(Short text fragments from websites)
▬▬▬▬▬▬▬▬▬▬

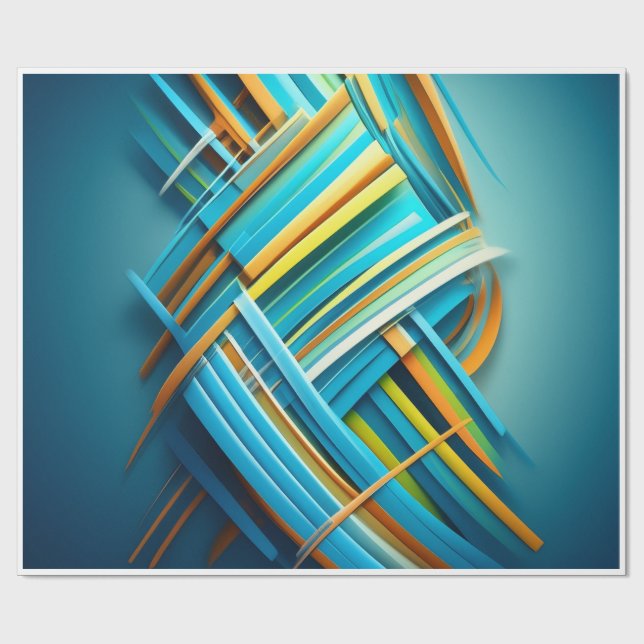 Papel De Presente design Azul abstart (Aberto)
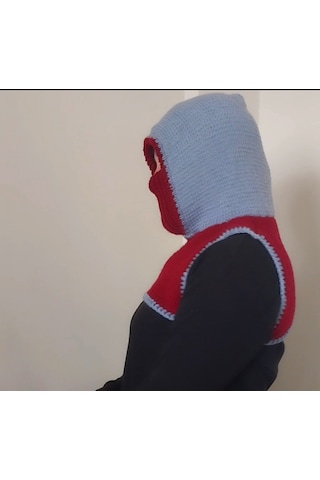 Kemzey Handmade El Yapımı Balaklava, Örgü Şapkalı Boyunluk , Yünlü Şapka Bordo - Mavi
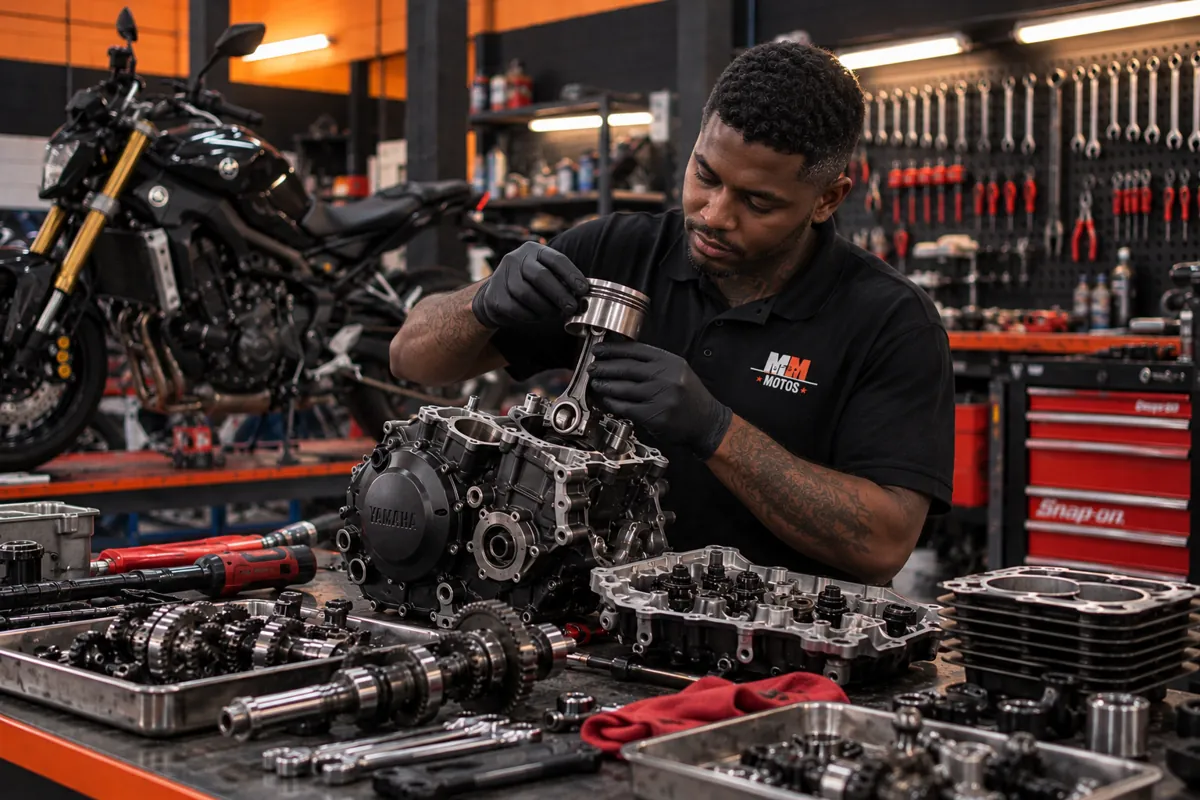 Mecânico da MM Motos montando pistão e biela durante a abertura de motor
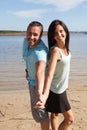 Couple holding hands lovers on the beach Love and relationships concept Royalty Free Stock Photo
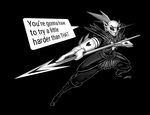  &lt;3 animated armor black_and_white black_sclera blackbookalpha dialogue english_text female fish hair marine melee_weapon monochrome monster polearm smile solo spear speech_bubble text undertale undyne weapon 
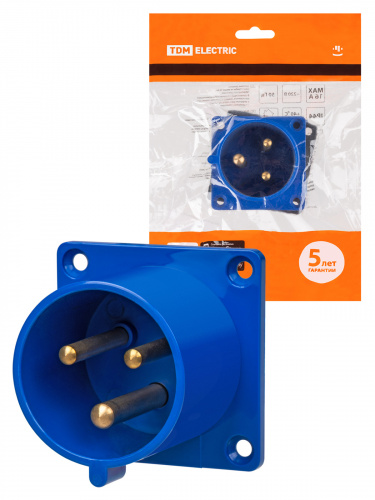 Вилка 623 скрытая 2Р+РЕ 32А 220В IP44 TDM (20/80) (SQ0607-0004) Вилка 623 скрытая 2Р+РЕ 32А 220В IP44 TDM (20/80) (SQ0607-0004)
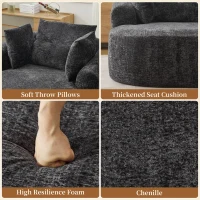 Plush Oversized Chaise Lounge with Deep Seat and Pillows, Versatile Sleeper Sofa with Corduroy and Armrests, 57.5'' L x 51.5" W x 32" H, Grey(m-11)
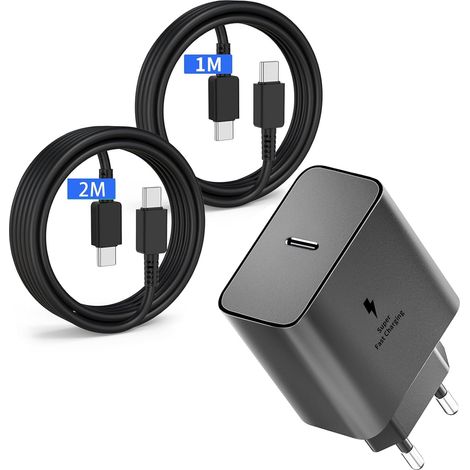 Chargeur 45W Super Charge Rapide pour Samsung Galaxy S26, S25,S24+,S24 Ultra,S23+,S23 Ultra, S22,S21,Note20,A54,A53,Z Fold5,Flip5,Fold4, Flip4,Tab,Prise Secteur USB C Adapteur avec1M+2M Câble USB C (1/5)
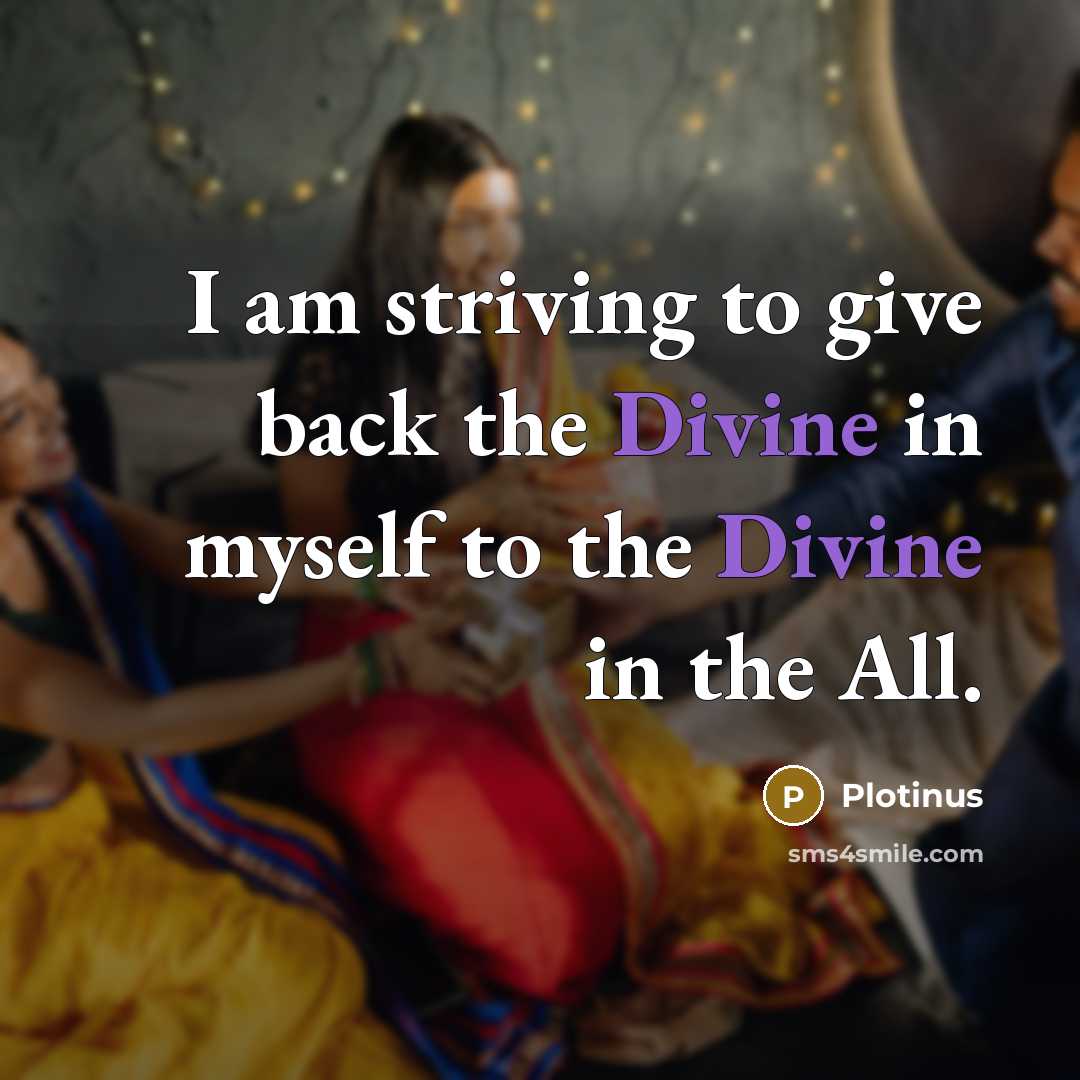 “I am striving to give back the Divine in myself to the Divine in the All.” quote by Plotinus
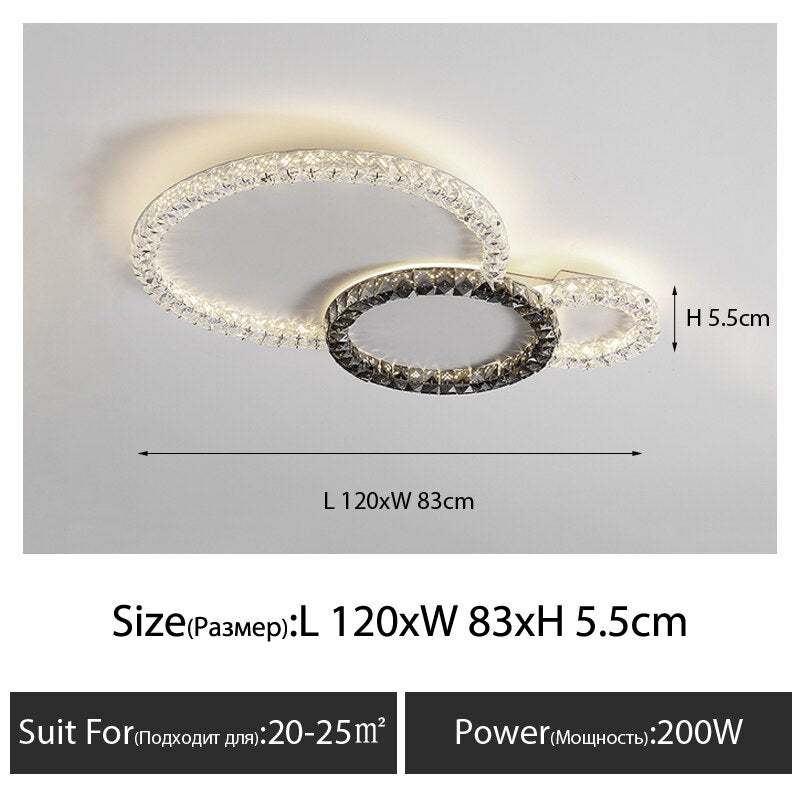 Crystal Shade Circle Ceiling Light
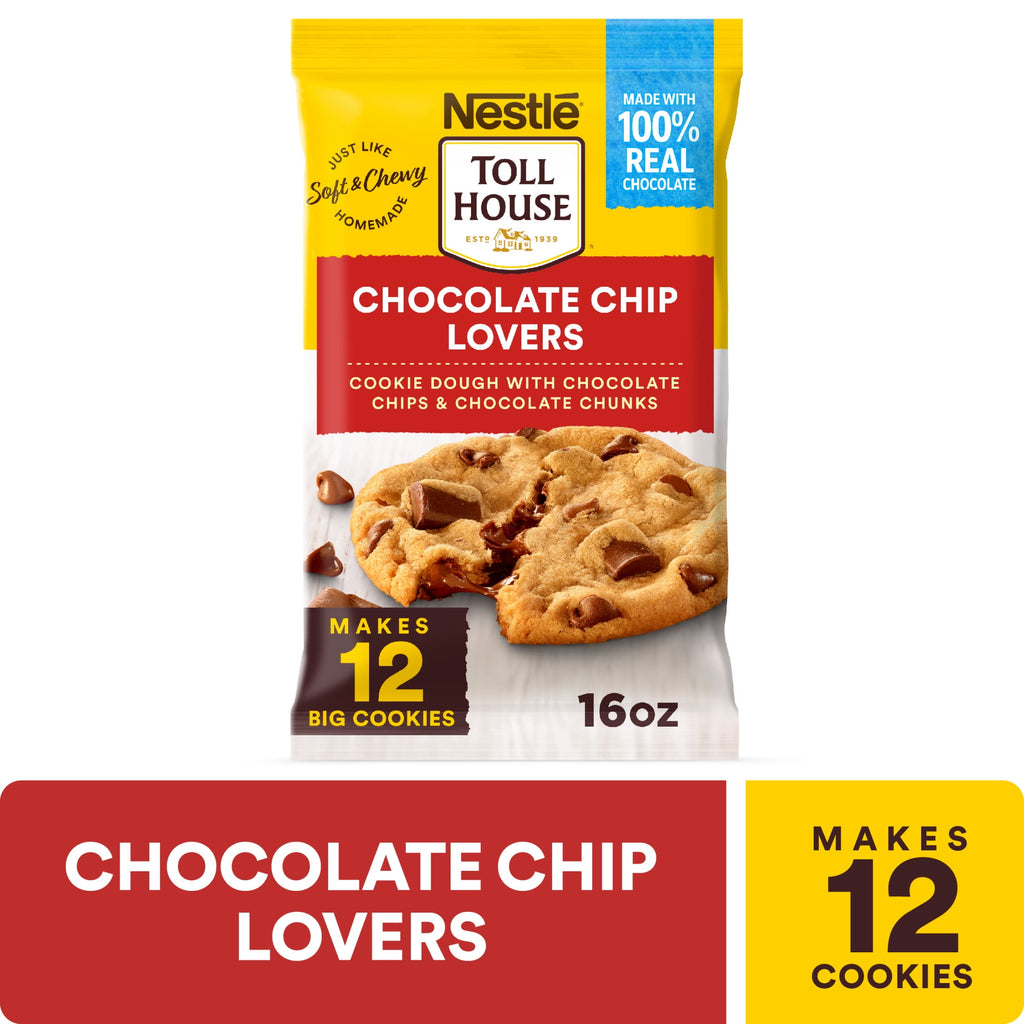 Nestle Toll House Chocolate Chip Lovers Cookie Dough, Makes 12 Cookies, 16 oz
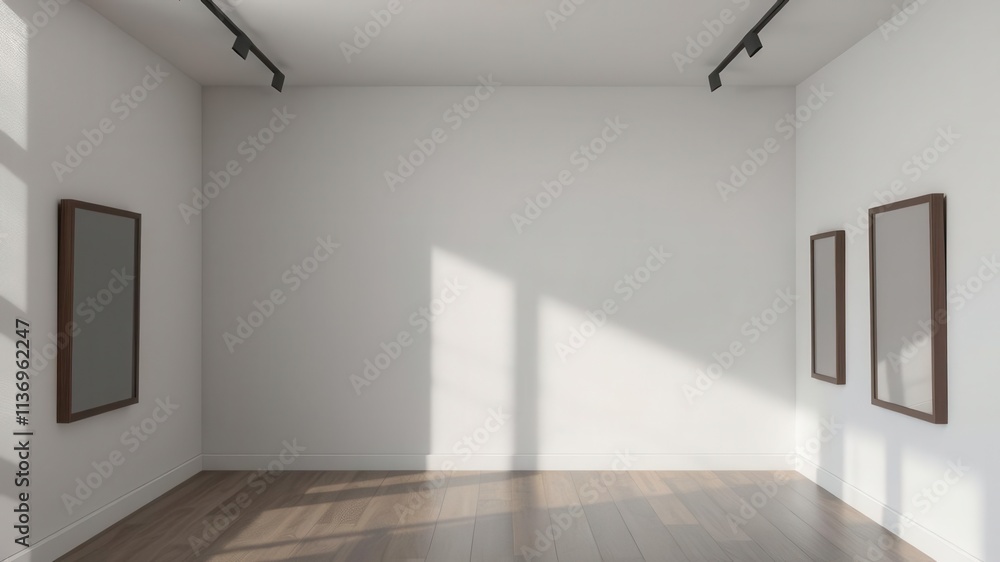 A set of various hanging gallery frames mockups in white and black frames against a wall background, shadow, interior, mockups A set of various hanging gallery frames mockups in white and black frames against a wall background, shadow, interior, mockups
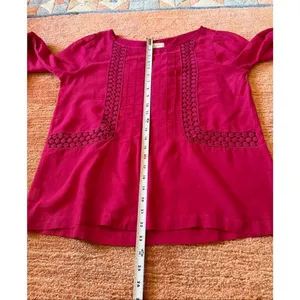 Ann Taylor LOFT Magenta Cotton Blouse Size S Lace Panels thumbnail 4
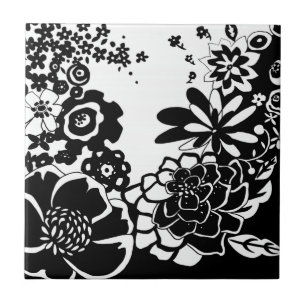 Padrão Gráfico do Jardim Floral Preto e Branco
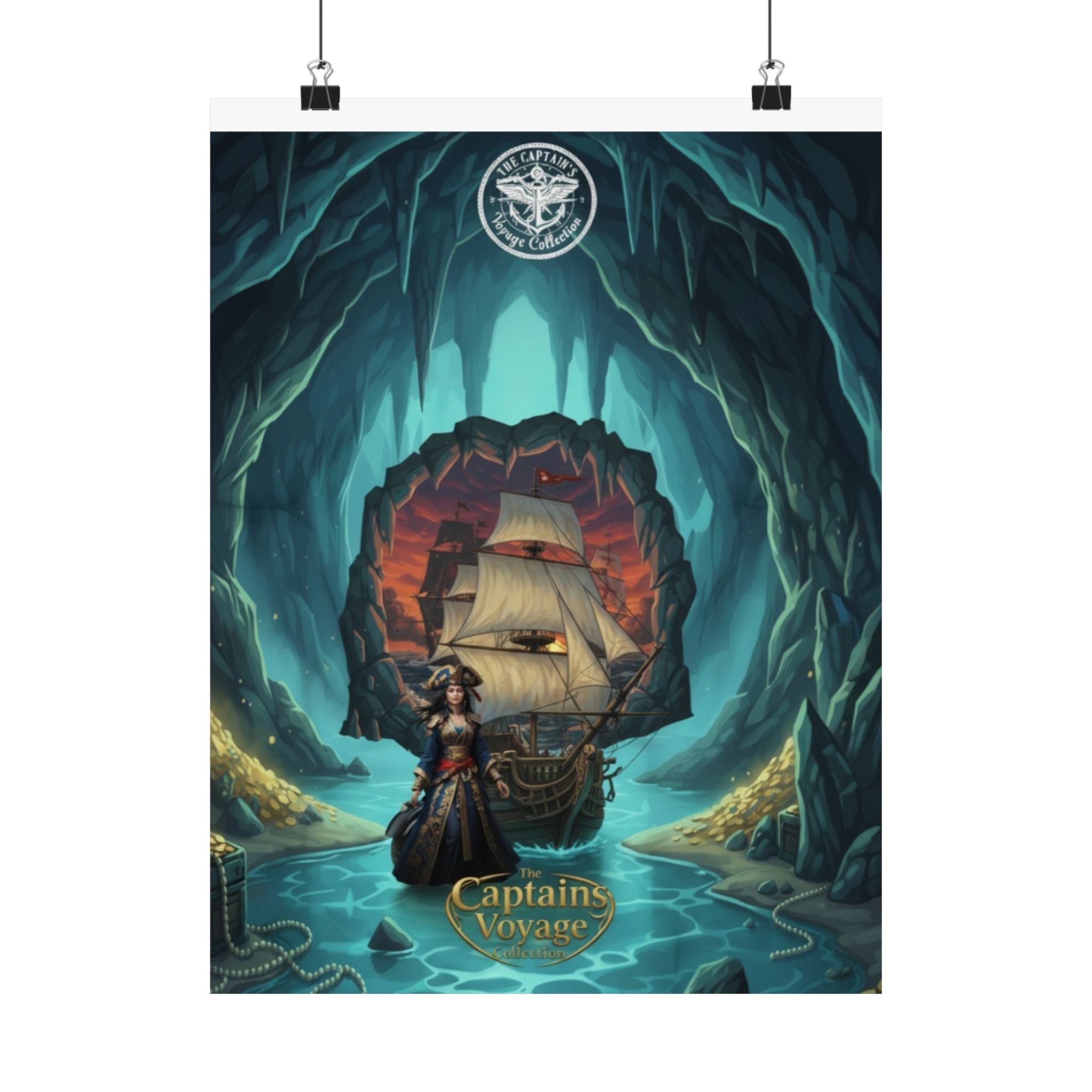 Pirate Voyage Matte Poster — "Captain's Voyage" Vertical Art Print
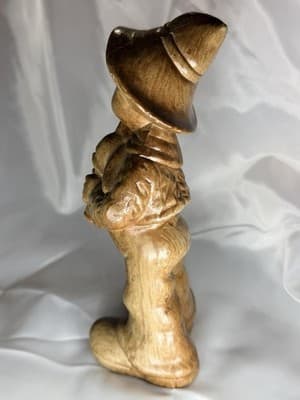 MCM Figural Vintage Boy Pipes Like Wood Figurine Ceramic Hong Kong Musician Folk - Thumbnail 3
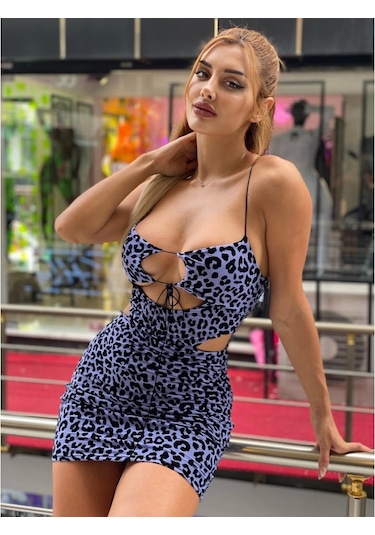 Lila Tül Üzeri Flog Baskılı Leopar Desenli Mini Elbise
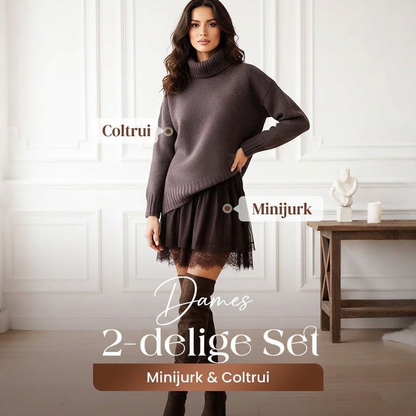Tweedelige Set met Coltrui en Minirok voor Dames
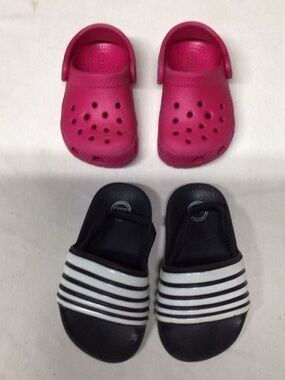 CROCS Kids Hot Pink Clogs & Black White Striped Slides Combo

▬▬▬▬▬▬▬▬▬▬

ASSIGNED TASK:
If a picture sits between the line containing "Plush Oversized Chaise" and the line containing "Nestle Toll House", leave it out, and return the lines of that range above exactly, both ends included.

ANSWER BOX:
 Plush Oversized Chaise Lounge with Deep Seat and Pillows, Versatile Sleeper Sofa with Corduroy and Armrests, 57.5'' L x 51.5" W x 32" H, Grey(m-11)
 Chargeur 45W Super Charge Rapide pour Samsung Galaxy S26, S25,S24+,S24 Ultra,S23+,S23 Ultra, S22,S21,Note20,A54,A53,Z Fold5,Flip5,Fold4, Flip4,Tab,Prise Secteur USB C Adapteur avec1M+2M Câble USB C (1/5)
 “I am striving to give back the Divine in myself to the Divine in the All.” quote by Plotinus
 Crystal Shade Circle Ceiling Light
 Nestle Toll House Chocolate Chip Lovers Cookie Dough, Makes 12 Cookies, 16 oz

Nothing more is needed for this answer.